(Scraped caption text data)

--*--

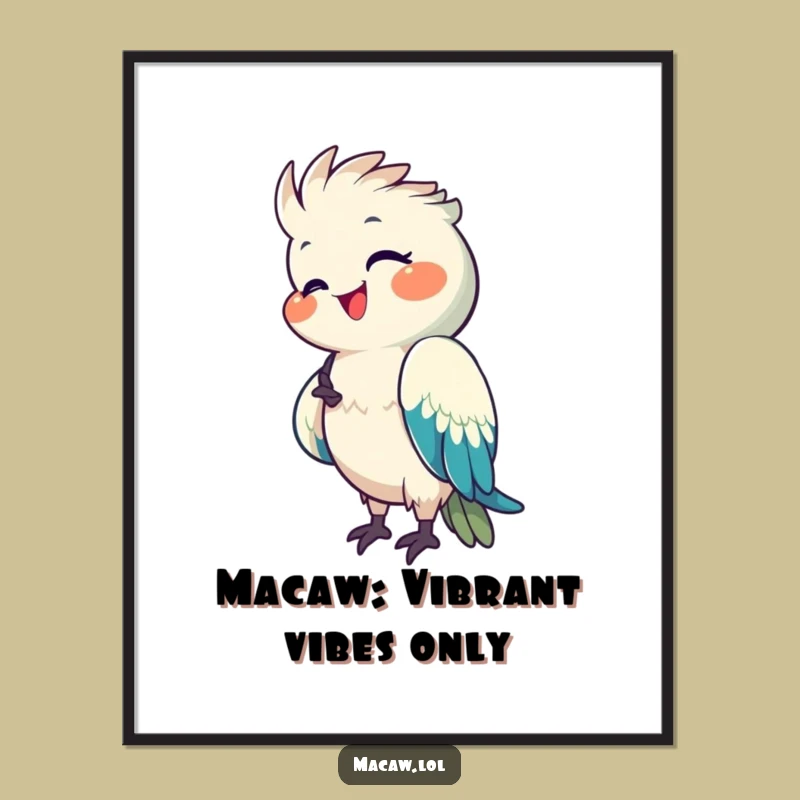 Happy Macaw Art Free Printable: Preening Perfection - Hilarious Downloadable Wall Decor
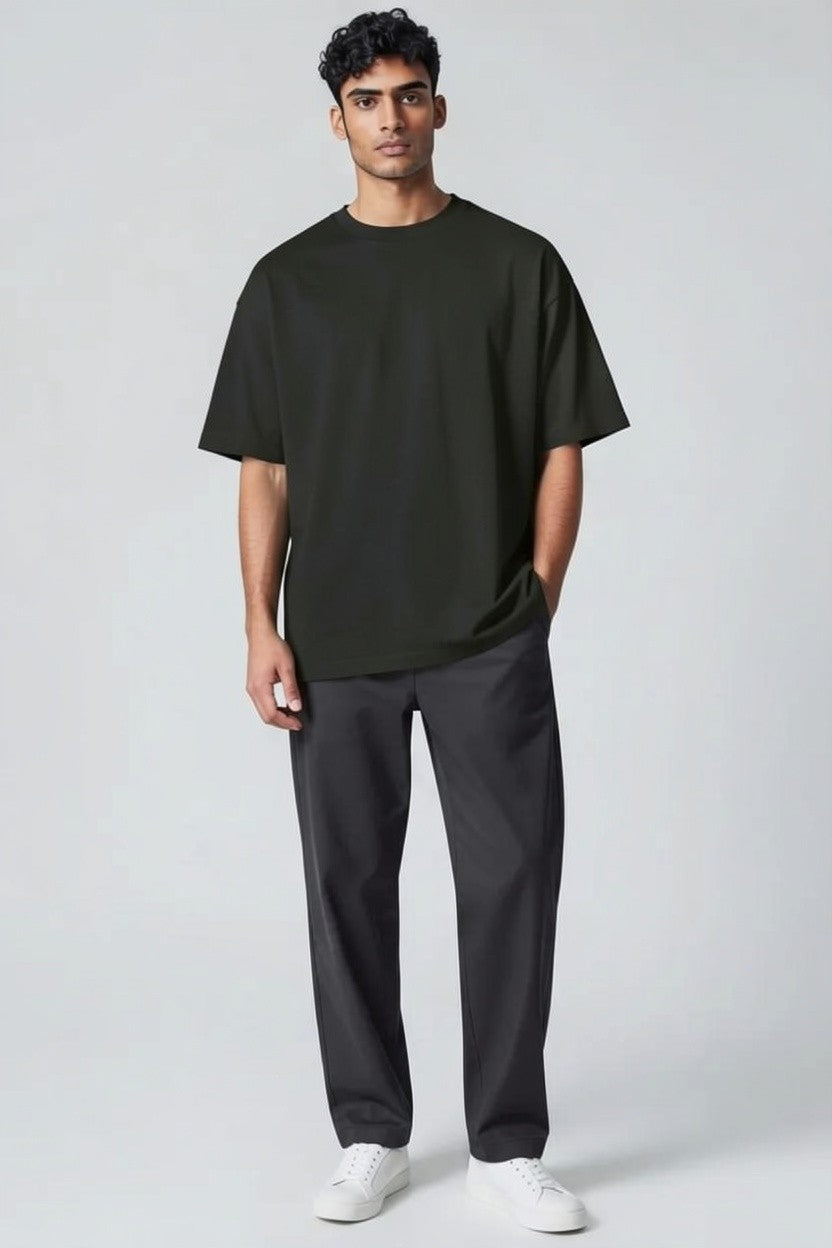 ZIL Black Round Neck Oversized Tee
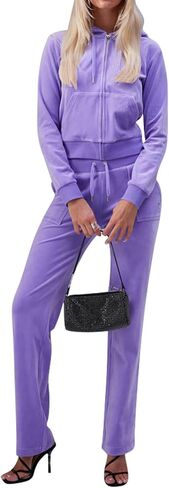 yidengymx Two Piece Velvet Hooded Outfits for Women, Womens 2 Piece Velour Tracksuit Zip Up Sweatsuit with Cargo Pockets in Kuwait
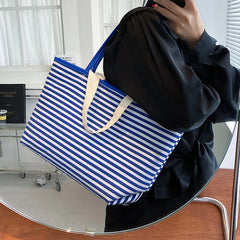 Women Canvas Shopping Bag YOUTH stripe Print Female Cotton Cloth Shoulder Bag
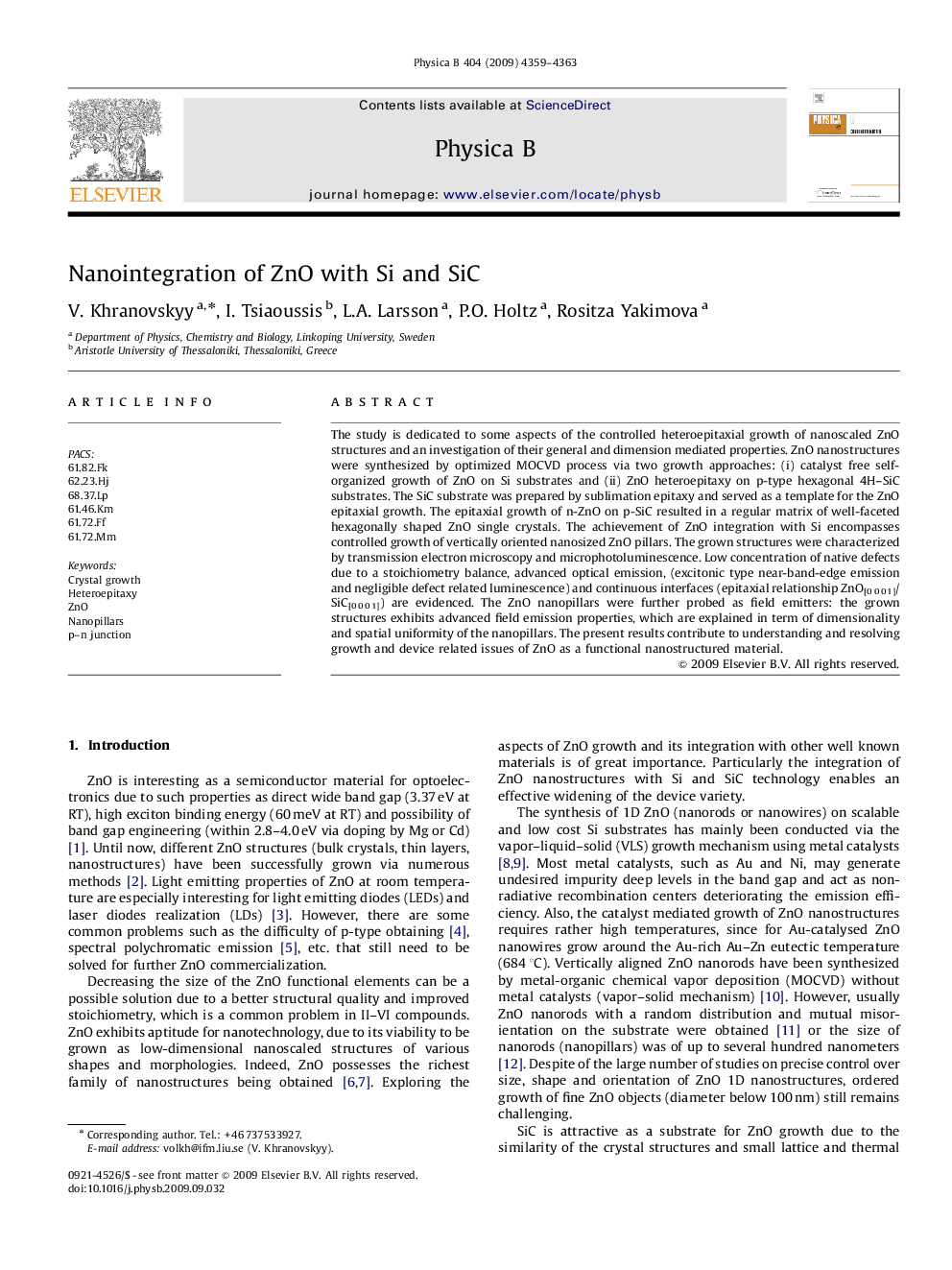 Nanointegration of ZnO with Si and SiC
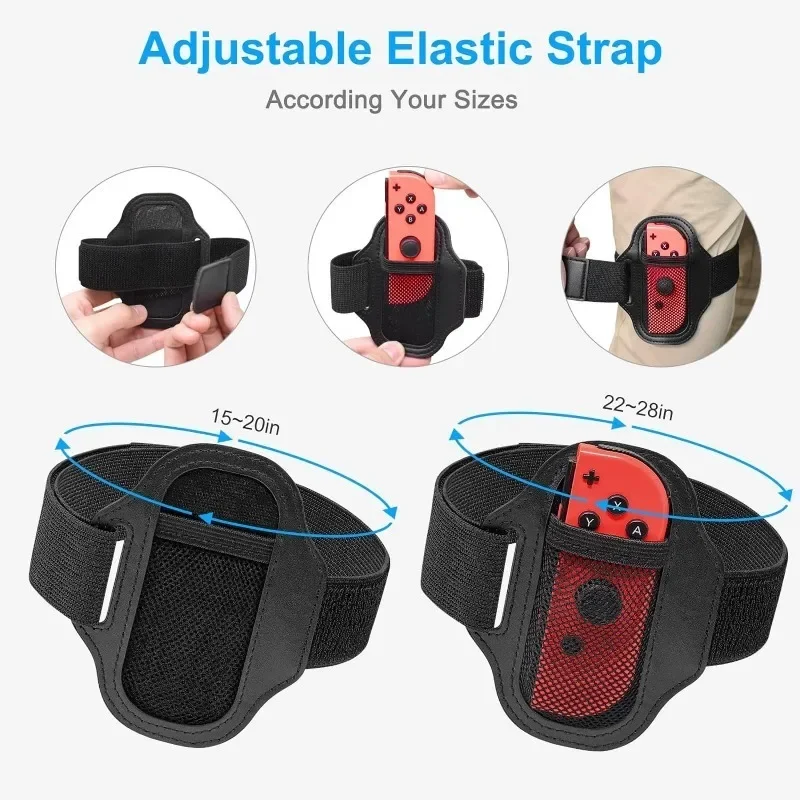 4pcs Leg Straps for Joy Cons Switch OLED Model Rings for Adventure Bundle Leg Straps, Adjustable Adult Elastic Exercise Bands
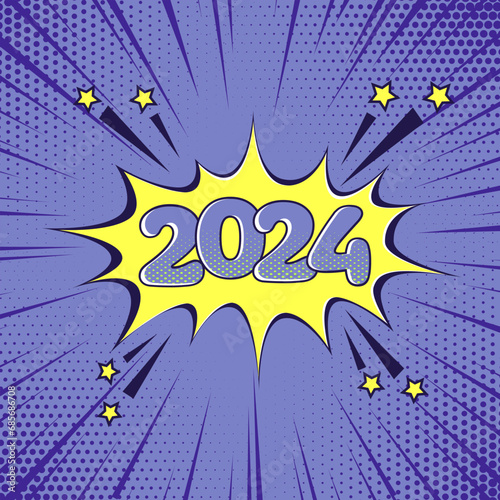 Obraz na płótnie 2024 New Year comic speech bubble vector icon Comic sound effect, stars and halftone dots shadow in pop art style
w salonie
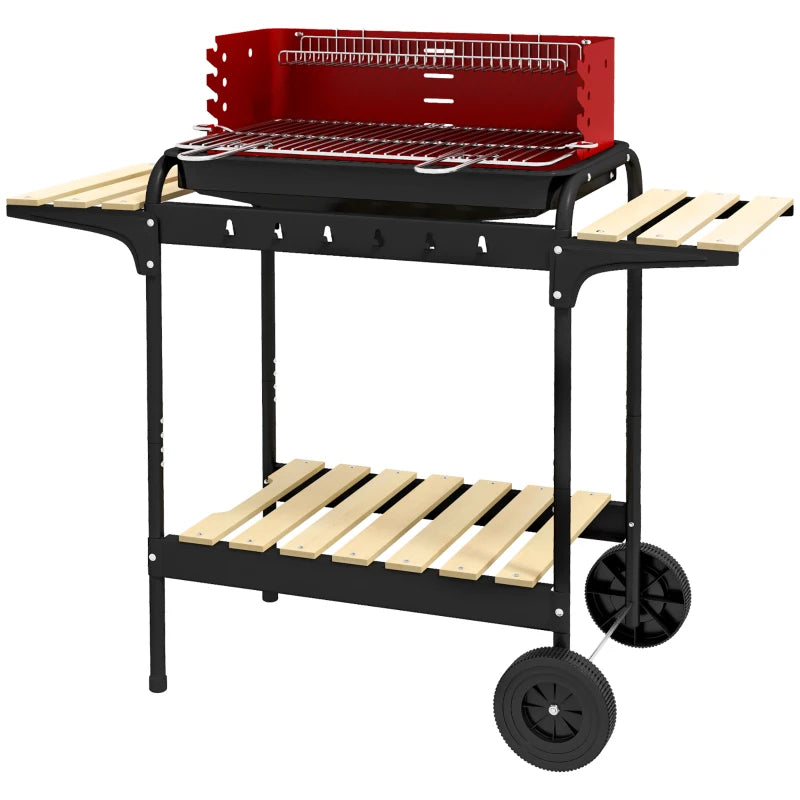 Red Charcoal BBQ with Adjustable Grill Grate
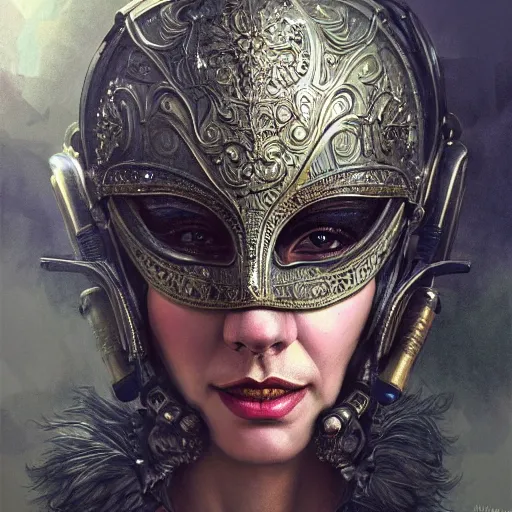 Image similar to Very very very very highly detailed epic photo of face with venetian mask, intricate, dystopian, sci-fi, extremely detailed, digital painting, artstation, concept art, smooth, sharp focus, illustration, intimidating lighting, incredible art by Anton Pieck, Artgerm and Vincent di Fate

--*--

Task instructions:
Reproduce, without alteration and without pictures, only those lines that lie between the first line of the entries above and the line containing "Women Canvas Shopping", both of them included.

Exercise output:
 Happy Macaw Art Free Printable: Preening Perfection - Hilarious Downloadable Wall Decor
 ZIL Black Round Neck Oversized Tee
 yidengymx Two Piece Velvet Hooded Outfits for Women, Womens 2 Piece Velour Tracksuit Zip Up Sweatsuit with Cargo Pockets in Kuwait
 Women Canvas Shopping Bag YOUTH stripe Print Female Cotton Cloth Shoulder Bag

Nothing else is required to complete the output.